Volume price - $518.00

The Importance of Inlet Height to the Performance of a Natural Draft Wet Cooling Tower

N. Williamson
School of Aerospace, Mechanical & Mechatronic Engineering, The University of Sydney, NSW, 2006 AUSTRALIA

Steven Armfield
Sydney University

Masud Behnia
School of Mechanical and Manufacturing Engineering, University of New South Wales, Sydney 2052, Australia

ABSTRACT

This study examines the effect that the inlet height has on the performance of a Natural Draft Wet Cooling Tower. A 2D axisymmetric numerical model has been developed within Fluent, a commercial CFD package. The two-phase model represents the water flow in the rain and spray regions with Lagrangian particle tracking. The fill has been represented using user defined subroutines which employ Poppe style transfer coefficients. The effect of condensation in the heat and mass transfer regions has been accounted for allowing more accurate computation of the tower draft than is possible with the traditional Merkel style transfer coefficients. Particular attention is paid to the radial heat and mass transfer profiles which occur as a result of both the non-uniform flow distribution through the fill and flow retardation in the inlet region.

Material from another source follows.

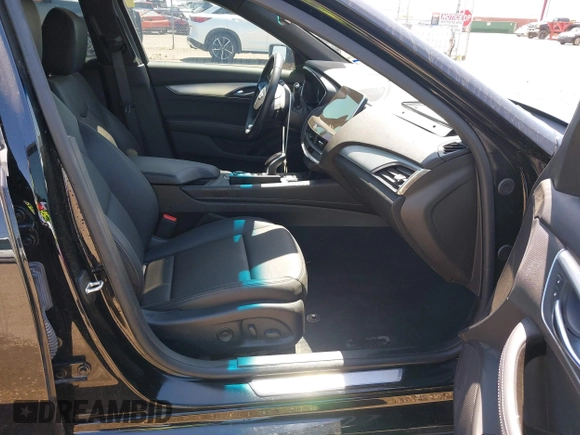 2024 Cadillac CT5 Luxury с VIN 1G6DM5RKXR0114188, выставлен на аукционе IAAI как лот 42026727 с пробегом 25 814 миль миль и . История ставок и продаж доступна на DreamBid. Изображение 5.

The results show that even at very small inlet heights, the flow distribution is fairly uniform though most of the tower. Furthermore the size of the inlet effected region remains approximately the same although the performance degradation in this region does of coarse increase at small inlet heights due to the higher inlet velocity. The load profile through the cooling tower remains almost identical under all inlet heights A brief comparison is made with the traditional 1-D design methods which neglect variation in flow distribution through the fill. The implicit 1D assumptions in these models is shown to be largely valid even at very small inlet heights. This has important implications for optimizations studies where previously this was an unknown factor.